And it’s more than just sociological or psychological in importance. Our situation as spiritual beings having a human experience means that our most profound religious realizations—the actual having of them—depends on an attitude of prior interest and openness. Desire for a certain kind of truth helps to bring about that truth’s existence. Philosopher William James talks about this in his magnificent article entitled “The Will To Believe.” “Do you like me or not?” he asks. “Whether you do or not depends, in countless instances, on whether I meet you half-way, am willing to assume that you must like me, and show you trust and expectation. The previous faith on my part in your liking’s existence is in such cases what makes your liking come.
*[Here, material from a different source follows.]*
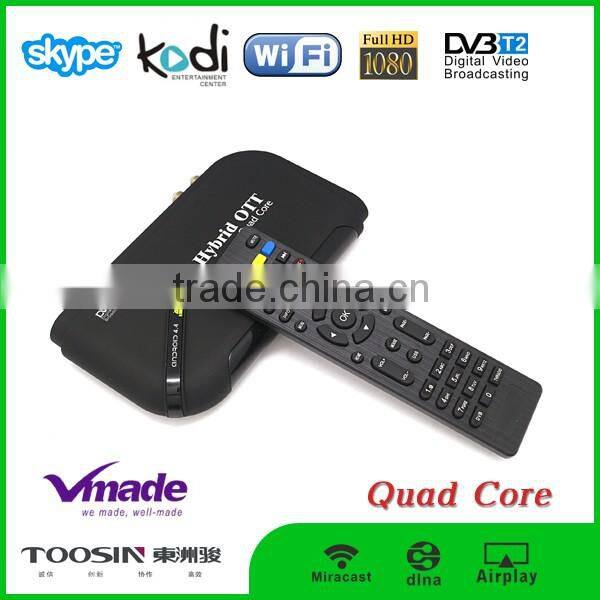 2016 best hot sale Amlogic s805 quad core DVB T2 Android4.4 tv box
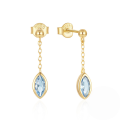wholesale 925 Sterling Silver New Marquise Pendant Drop Earrings Women-0-0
But if I stand aloof, and refuse to budge an inch until I have objective evidence, until you shall have done something apt … ten to one your liking never comes. […] The desire for a certain kind of truth here brings about that special truth’s existence.” What William James is saying is far more than just good advice on Valentine’s Day. If we want to live in a world in which ordinary miracles happen, hallelujah happens, forgiveness happens, healing happens, peace happens, creativity happens, our Seven Principles happen—all these things and more happening even in the midst of all the strife and all the pain—then we have to meet these possibilities half way. Got to open the door, first, to experience realities that can transform us as we cannot transform ourselves, whatever we want to call them, Goddess, God, the Tao, Buddhamind. Got to believe that the island is out there, somewhere, despite all malfunctions to the contrary. Got to keep swimming.
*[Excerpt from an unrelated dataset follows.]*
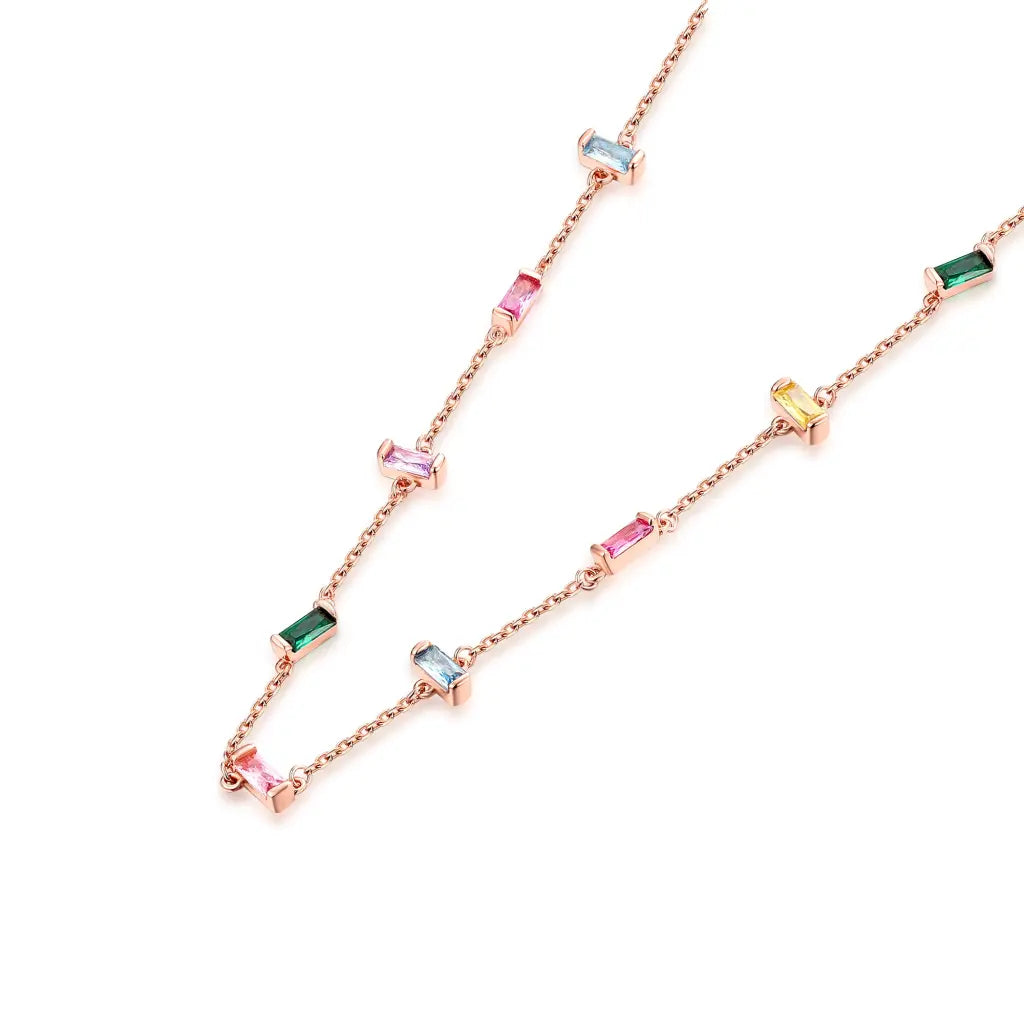 Vibrant Rainbow Sprinkles Choker Necklace | Colorful Beaded Party Jewelry for Women & Teens | Perfect for Festivals, Raves & Costume Accessories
That’s what planting the seed of positivity is all about. A growing ability to conjure up an inner image of the island to swim for, even as the going gets rough. That’s what we’re talking about today, in this fifth installment of the Planting Seeds of Soul series. Positivity, like a flame for which everything is food, and everything helps it grow.
A story comes to mind—a remarkable example of what the human spirit is capable of. It originally comes from American doctor George Ritchie, who was in Germany during World War II, attending to wounded soldiers and people who had been imprisoned in the Nazi labor and death camps. “It’s about one of these prisoners in particular: a Polish inmate at the Wuppertal prison camp. When the Americans came to liberate the prisoners at this camp, they were struck by the health and vitality of this one man, whom they assumed had only been in the camp for a short while. Called him Wild Bill Cody. As it turns out, he had been in the camp for nearly six years, since 1939, living on starvation rations and in the most oppressive atmosphere. Surrounded by degradation, humiliation, death. Scarcely a darker time could be imagined. Then the liberators learned that he had been imprisoned in the camp immediately after he had witnessed Nazi soldiers murder his wife and children as well as many members of his community. He had seen them lined up and shot. He had plenty of reasons to hate, to be bitter and to want to seek revenge. However, he described to them that at the moment of his greatest despair, at losing all he had held most dear, he knew that he must forgive his captors (and the murderers of his family). He must forgive them completely and learn to see the divine spark that also lives in the hearts of these Nazi soldiers. And so he lived for six years in the prison camp and soon became the respected mediator between different ethnic groups that had little more affinity for one another than they did for the Germans.” This is the story, which originally comes from Dr. George Ritchie and as relayed by Warren Lee Cohen in his book which we’ve been drawing from in our sermon series, entitled Raising the Soul. Warren Lee Cohen’s closing words: “Wild Bill Cody was a source of hope for all who knew him. He spoke many languages, but most importantly he spoke the language of humanity, of forgiveness and positivity. This unusual quality not only saved his life, but it was also a source of tremendous strength for all who met him.”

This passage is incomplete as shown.